#### Input data
◇ ◇ ◇ ◇ ◇ ◇ ◇
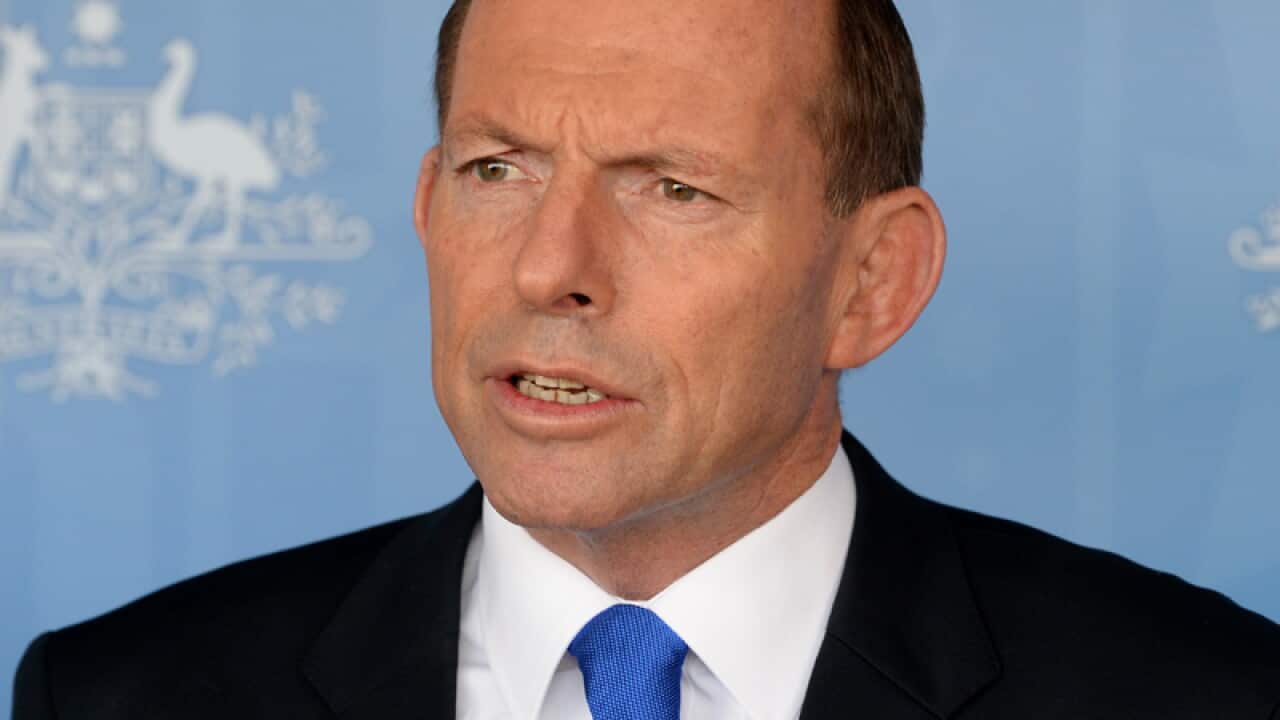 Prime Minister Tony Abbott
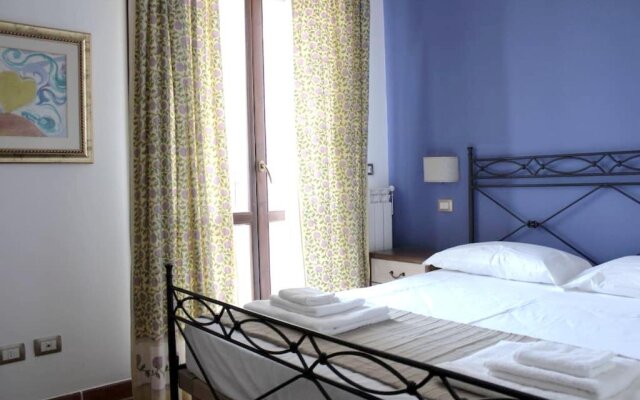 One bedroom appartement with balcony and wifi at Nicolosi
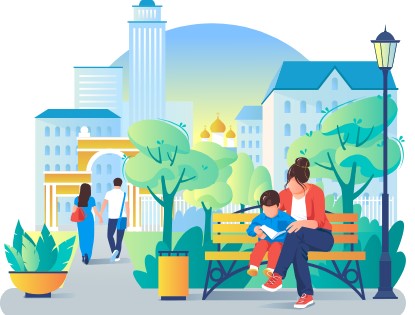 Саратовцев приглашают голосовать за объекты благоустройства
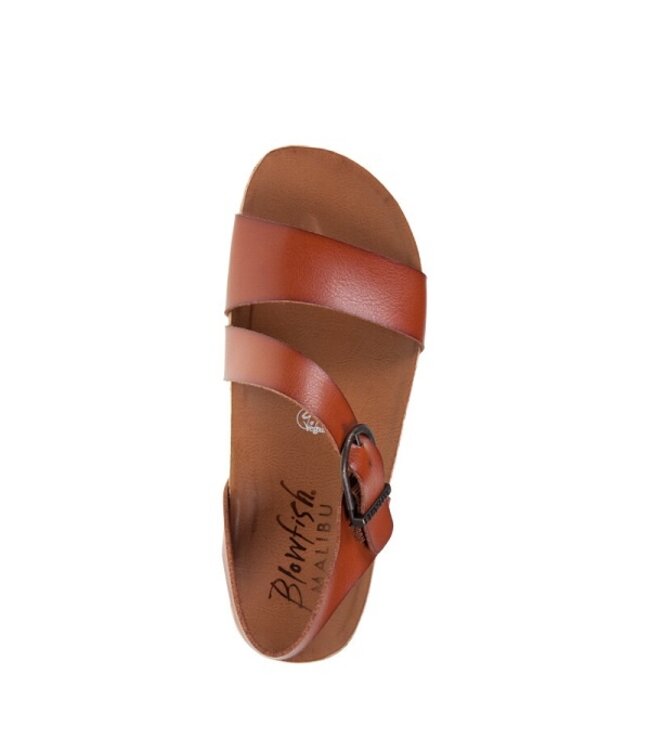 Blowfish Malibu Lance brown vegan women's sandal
◇ ◇ ◇ ◇ ◇ ◇ ◇
#### Work task
Copy the full listing above exactly, apart from the pictures.

#### Solution for this exercise
 Prime Minister Tony Abbott
 One bedroom appartement with balcony and wifi at Nicolosi
 Саратовцев приглашают голосовать за объекты благоустройства
 Blowfish Malibu Lance brown vegan women's sandal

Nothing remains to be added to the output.